== TASK STATEMENT ==
From the first line to the last, repeat the data exactly and drop the pictures.

== DATA SHOWN ==
------

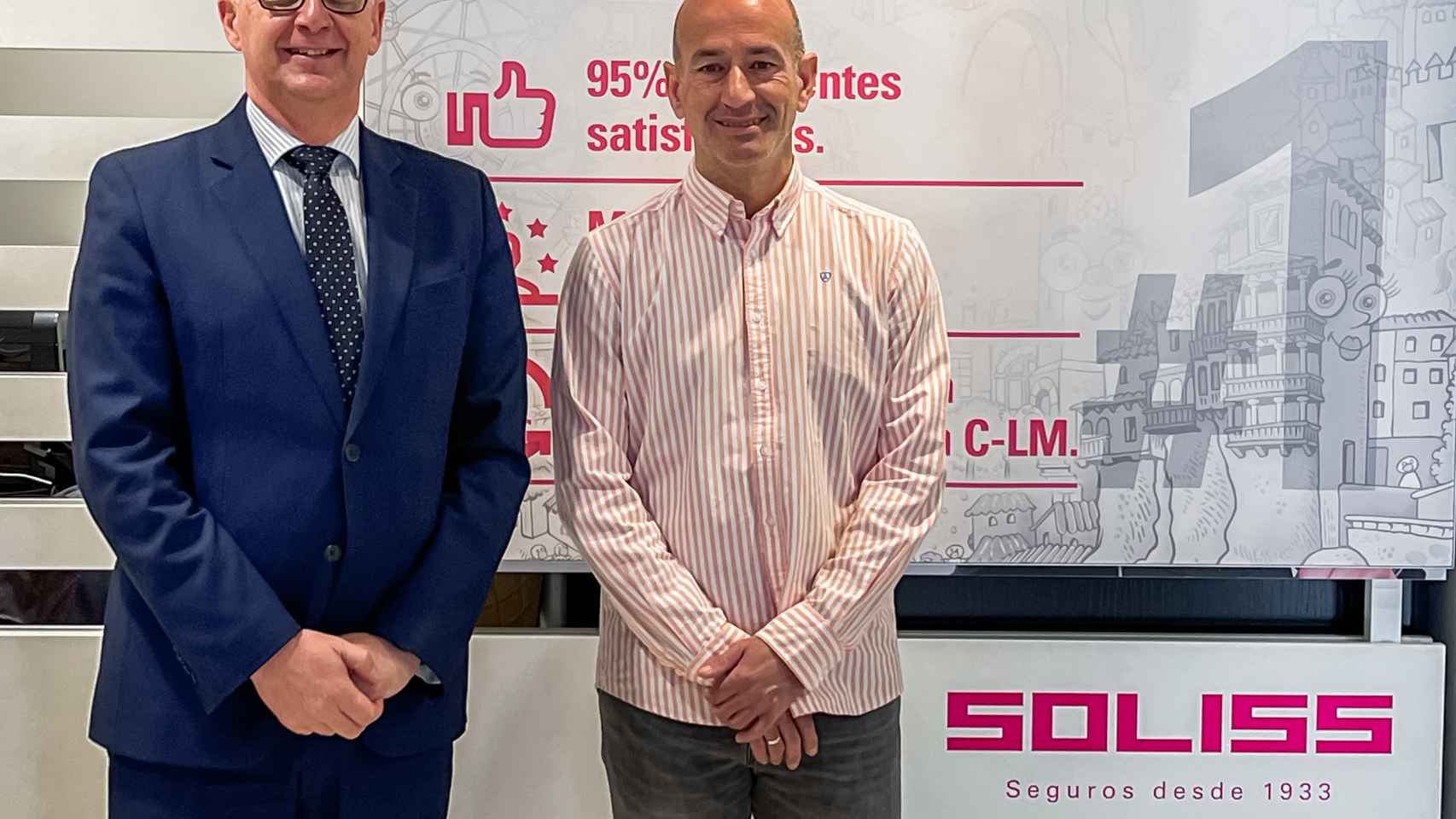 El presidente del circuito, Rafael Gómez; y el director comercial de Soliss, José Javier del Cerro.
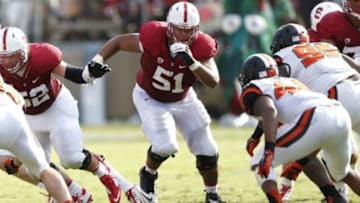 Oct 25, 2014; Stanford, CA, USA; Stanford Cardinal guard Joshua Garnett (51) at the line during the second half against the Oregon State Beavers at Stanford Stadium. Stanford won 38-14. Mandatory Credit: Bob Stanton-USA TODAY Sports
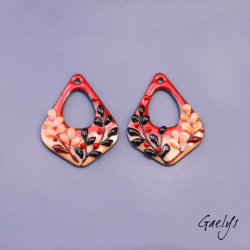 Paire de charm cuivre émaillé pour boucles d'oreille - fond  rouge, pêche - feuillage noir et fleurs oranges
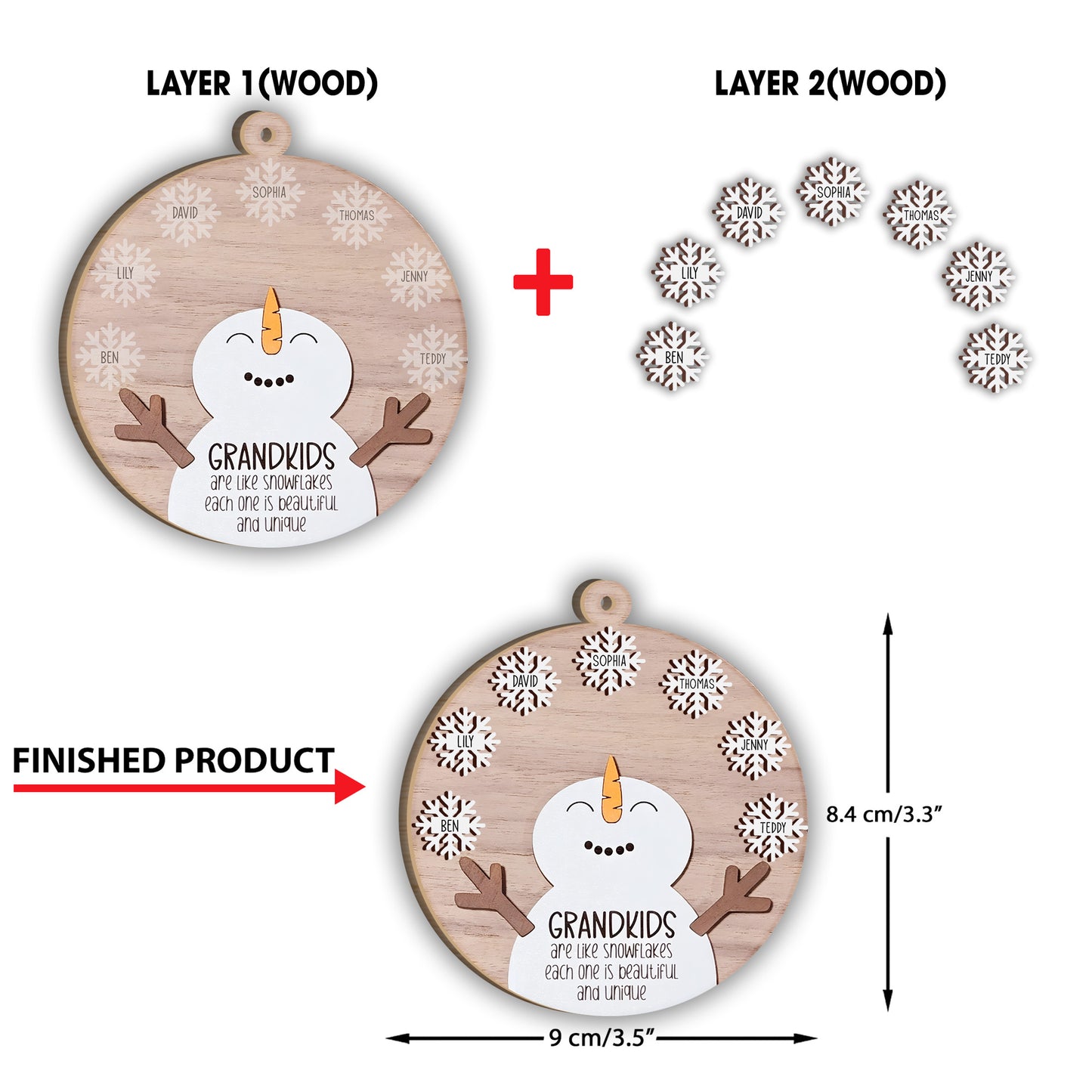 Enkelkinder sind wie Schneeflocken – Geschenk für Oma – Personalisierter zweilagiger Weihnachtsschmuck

------

== FINAL ANSWER ==
 El presidente del circuito, Rafael Gómez; y el director comercial de Soliss, José Javier del Cerro.
 Oct 25, 2014; Stanford, CA, USA; Stanford Cardinal guard Joshua Garnett (51) at the line during the second half against the Oregon State Beavers at Stanford Stadium. Stanford won 38-14. Mandatory Credit: Bob Stanton-USA TODAY Sports
 Paire de charm cuivre émaillé pour boucles d'oreille - fond  rouge, pêche - feuillage noir et fleurs oranges
 Enkelkinder sind wie Schneeflocken – Geschenk für Oma – Personalisierter zweilagiger Weihnachtsschmuck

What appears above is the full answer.